CONSERVATIVE threats to disestablish the Church of England in response to this week’s letter by the five Anglican Primates, which warned the Government against breaking the law, was as unsurprising as it was shocking. Bully-boy tactics have become, sadly, one of the trademark characteristics of the current Government. And this is only part of a strategy by Boris Johnson to push Britain’s unwritten constitution to its limits — and indeed beyond them.
Conventions have been flouted brazenly by Mr Johnson and his unelected “disruptor” adviser Dominic Cummings ever since they sought to close down Parliament for five weeks without any stated reason — abusing the Government’s power of prorogation for a purpose for which it was never intended. There was even a suspicion that the Prime Minister had lied to the Queen.
When the Supreme Court ruled the move illegal, Mr Johnson resorted to long-standing tactics of smear and spin, prompting his allies in the populist press to headline the judges as “Enemies of the People”. The media were briefed that Mr Cummings, a man with little respect for process or the rule of law, “wants to get the judges sorted”. One government minister even publicly resorted to the Trumpian trope of declaring that “many people are saying” that the judges were biased.

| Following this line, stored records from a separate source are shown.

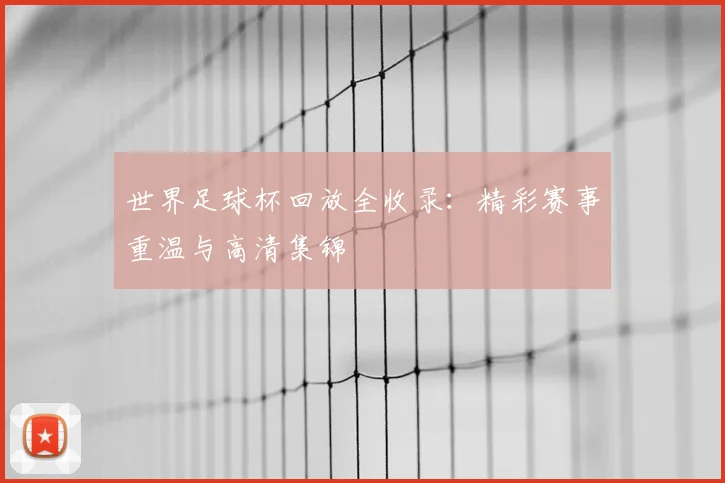 世界足球杯回放全收录：精彩赛事重温与高清集锦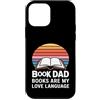 Reading Father Bibliophile Dad Book Love Custodia per iPhone 12 mini Book Dad Books Are My Love Language Reading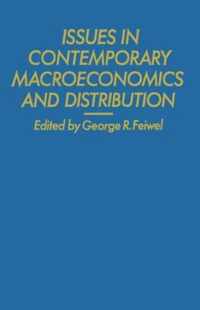 Issues in Contemporary Macroeconomics and Distribution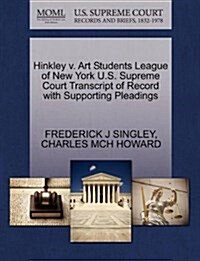 Hinkley V. Art Students League of New York U.S. Supreme Court Transcript of Record with Supporting Pleadings (Paperback)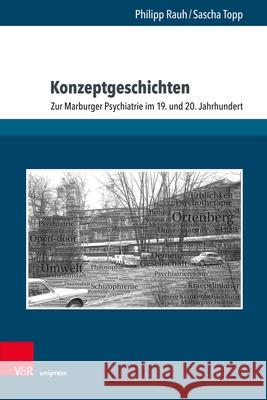 Konzeptgeschichten: Zur Marburger Psychiatrie Im 19. Und 20. Jahrhundert Rauh, Philipp 9783847109952 V&r Unipress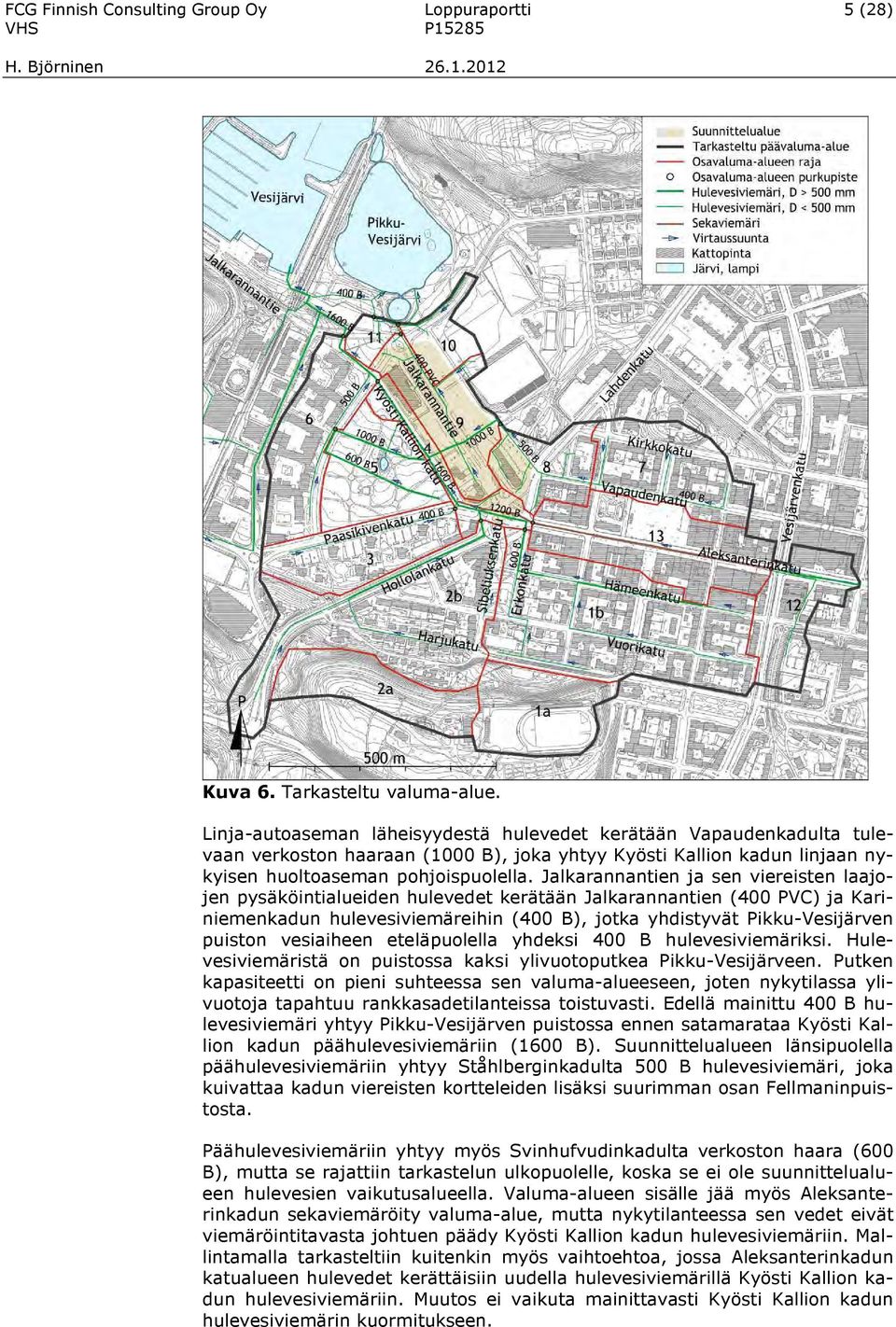 Jalkarannantien ja sen viereisten laajojen pysäköintialueiden hulevedet kerätään Jalkarannantien (400 PVC) ja Kariniemenkadun hulevesiviemäreihin (400 B), jotka yhdistyvät Pikku-Vesijärven puiston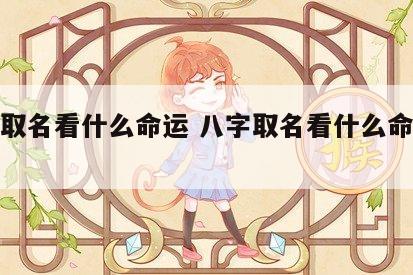 八字取名看什么命运 八字取名看什么命运最好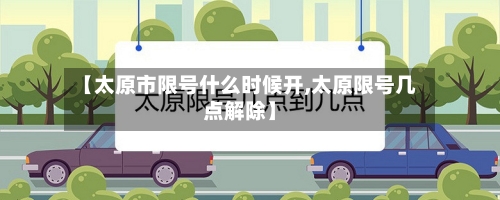 【太原市限号什么时候开,太原限号几点解除】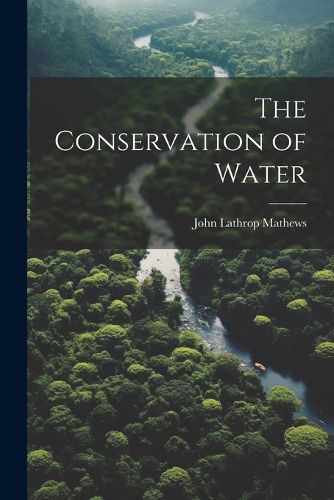 Cover image for The Conservation of Water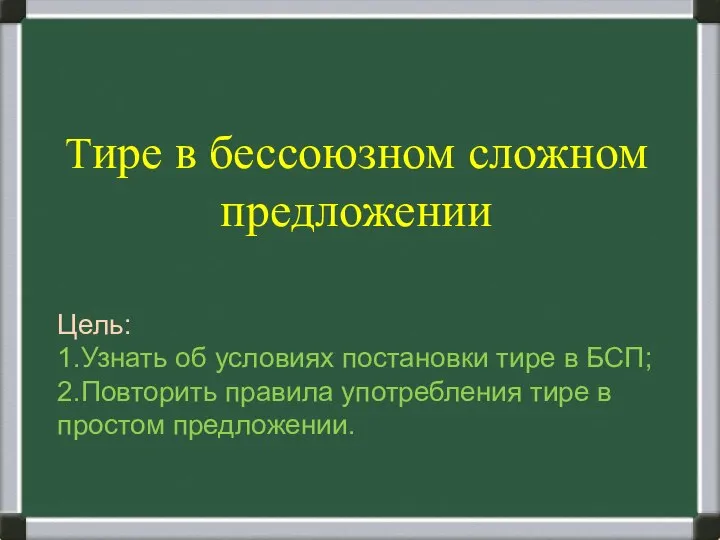 Тире в бессоюзном сложном предложении Цель: 1.Узнать об условиях постановки тире в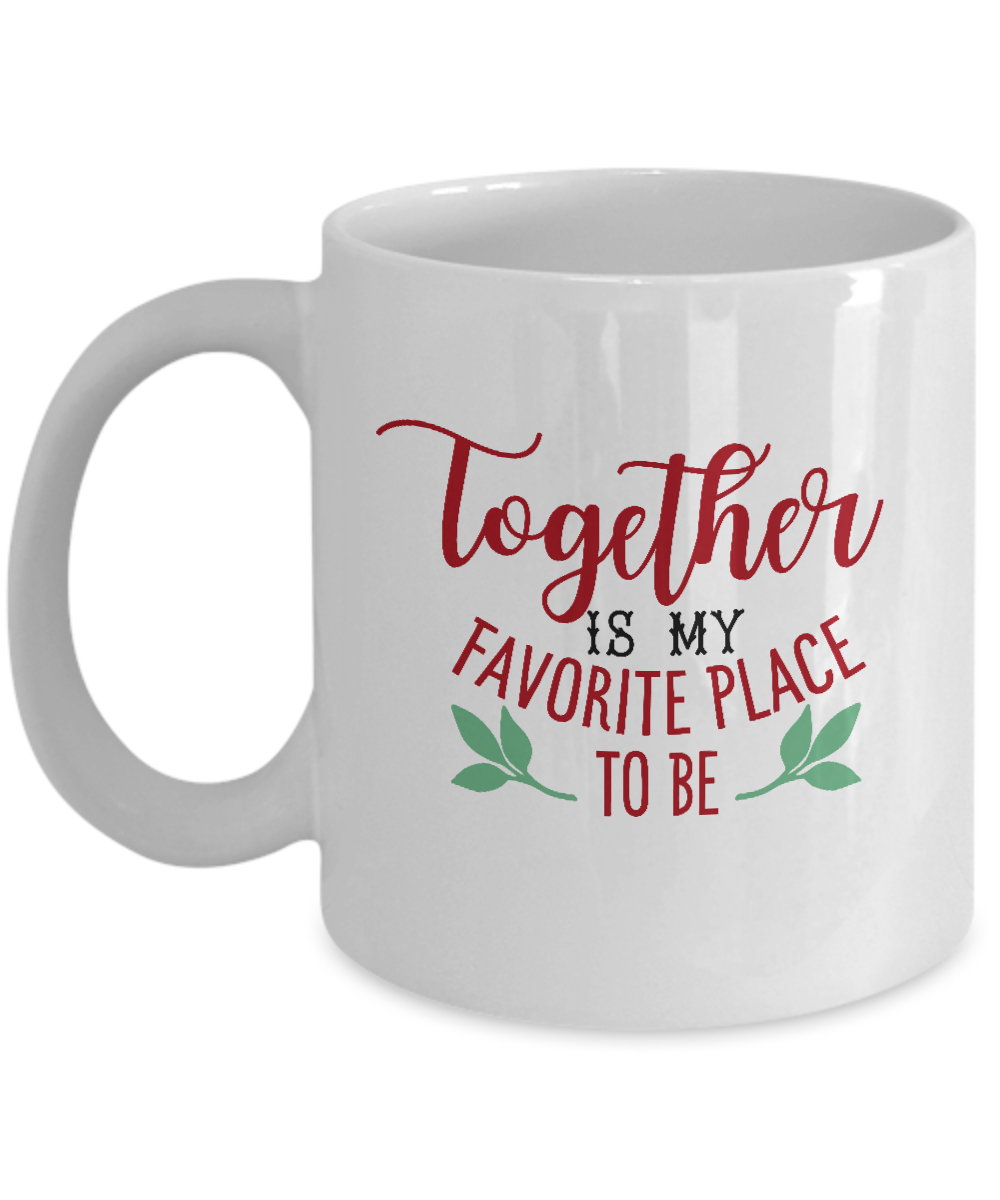 Together is my favorite place to be white mugs - Funny Christmas White coffee mugs 11 oz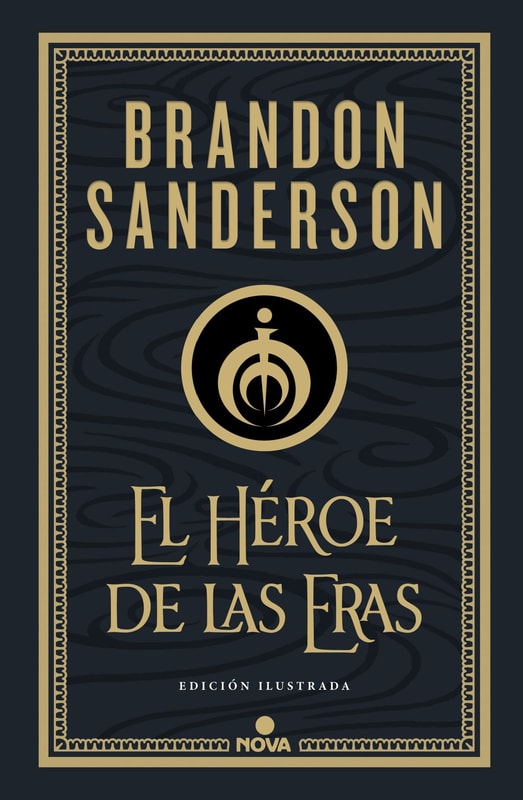 El Héroe de las Eras (Trilogía Original Mistborn: edición ilustrada 3)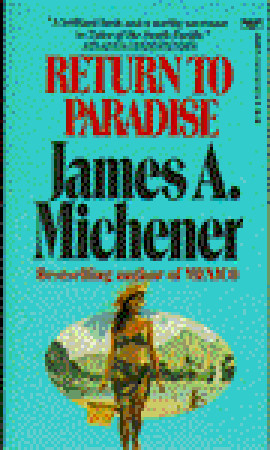 Return to Paradise (1984) by James A. Michener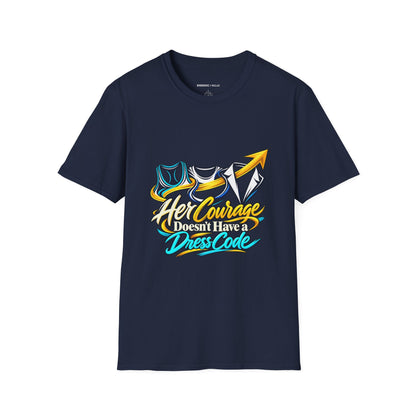 Graphic fitness T-shirt featuring the "Her Courage Doesn t Have a Dress Code" design.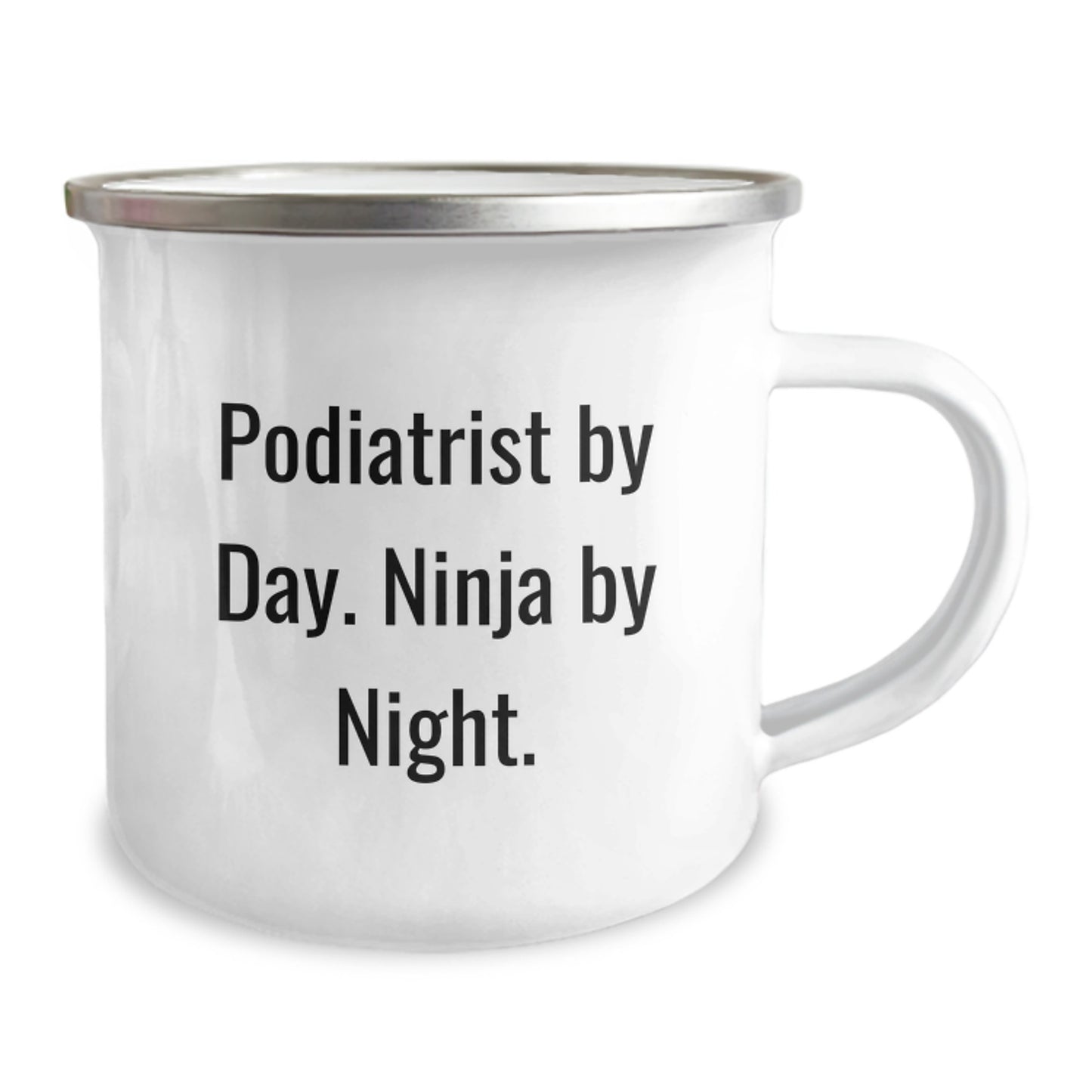 Gifts from Friends for Podiatrist By Day Ninja By Night 12 oz Camping Mug - Image 2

It went beyond rhetoric. Ministers are floating new curbs on judicial review, the common-law process by which ordinary citizens have a right to ask the courts to ensure that government decisions are fair, impartial, and legal. There is talk of giving ministers a say in judicial appointments. This is the kind of intimidation that we expect in a banana republic.
The Prime Minister has deployed the same bullying tactics against the Civil Service, sacking a succession of Permanent Secretaries in an attempt to make independent civil servants more compliant. He has tried threats to bring the BBC to the Tory heel, leaking that he was to make the right-wing columnist, Charles Moore, its chairman. And he deployed the same tactics this week in the bad-faith negotiations with the political leaders of Greater Manchester, making offers of cash and then withdrawing them, and spinning to the media details of conversations that, the northern politicians insisted, had never actually happened.
Mr Moore was elevated to become Lord Moore as part of an attempt to pack the House of Lords with Mr Johnson’s Brexit cronies, leading to the bizarre situation in which peerages were granted to the cricketer Ian Botham, and the controversialist Claire Fox, while they were denied, in the teeth of normal custom, to the outgoing Archbishop of York, Dr Sentamu, and the Speaker of the House of Commons, John Bercow, both of whom voted Remain.
All this, together with the increased tendency to govern by decree, without giving MPs a chance to exercise proper parliamentary scrutiny, is part of a brazen attempt to rule without transparency or accountability.
A number of distinguished lawyers have declared this week that it is perfectly constitutional for the Government to legislate in a manner inconsistent with international law. But what is constitutional is not automatically moral. That is the point that the five Archbishops were making in their letter.
Contempt for the law and proper process may bring short-term advantage — but at the expense of something far more important.